**Aim of the task:** From the line containing "Clipart Cute Dumb" to the line containing "Frontier Disposable Ear" in the entries below, reproduce every line exactly, ends included. Nothing else belongs in the copy, and no pictures.

(Available data begins)

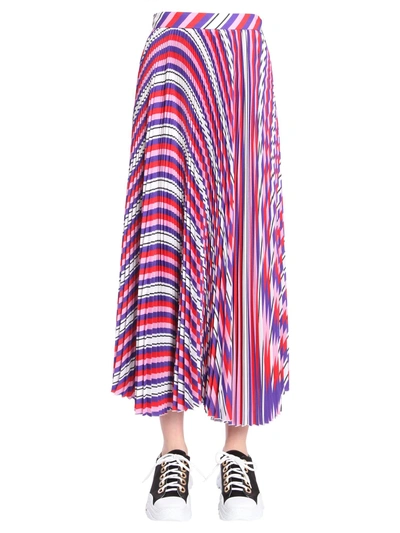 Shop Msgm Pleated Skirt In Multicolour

(Available data ends)
(Available data begins)

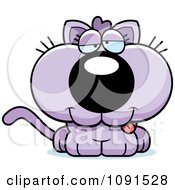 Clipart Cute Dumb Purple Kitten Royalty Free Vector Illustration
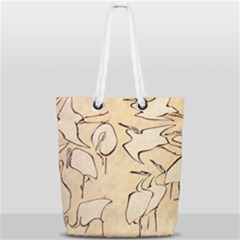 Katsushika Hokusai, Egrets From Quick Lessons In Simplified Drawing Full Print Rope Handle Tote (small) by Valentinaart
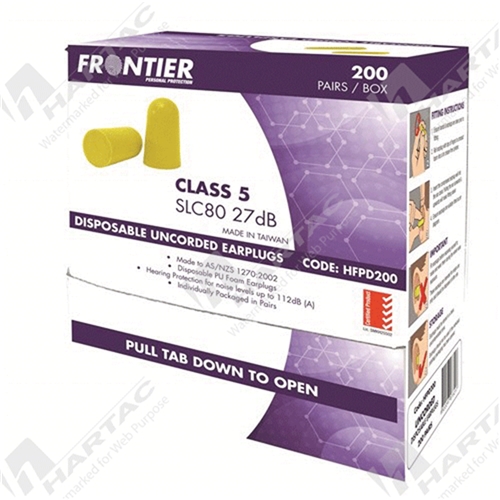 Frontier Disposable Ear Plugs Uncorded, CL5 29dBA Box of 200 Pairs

(Available data ends)

**Written answer:**
 Clipart Cute Dumb Purple Kitten Royalty Free Vector Illustration
 Katsushika Hokusai, Egrets From Quick Lessons In Simplified Drawing Full Print Rope Handle Tote (small) by Valentinaart
 Frontier Disposable Ear Plugs Uncorded, CL5 29dBA Box of 200 Pairs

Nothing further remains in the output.